> _What you have to do_
Your answer should be the exact lines of the data below from the one containing "بوكس هدية نسائية أنيق" through the one containing "E-YOOSO X-54 Lightweight"; please include nothing else.

> _Available data_

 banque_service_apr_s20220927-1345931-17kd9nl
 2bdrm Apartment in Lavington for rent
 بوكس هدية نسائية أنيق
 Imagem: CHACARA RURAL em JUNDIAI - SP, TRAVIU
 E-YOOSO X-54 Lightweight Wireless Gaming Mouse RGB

--

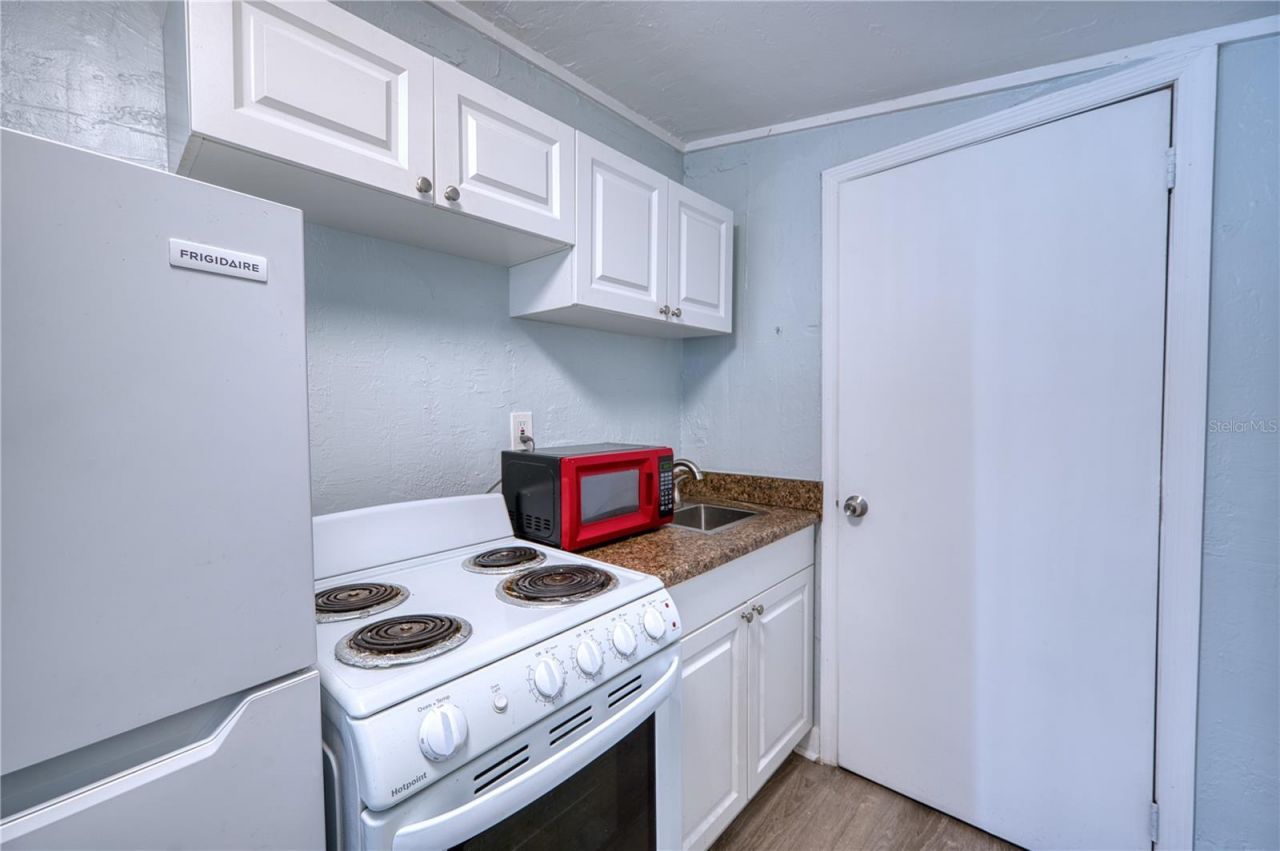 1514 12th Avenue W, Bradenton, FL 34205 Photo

> _Result_
 بوكس هدية نسائية أنيق
 Imagem: CHACARA RURAL em JUNDIAI - SP, TRAVIU
 E-YOOSO X-54 Lightweight Wireless Gaming Mouse RGB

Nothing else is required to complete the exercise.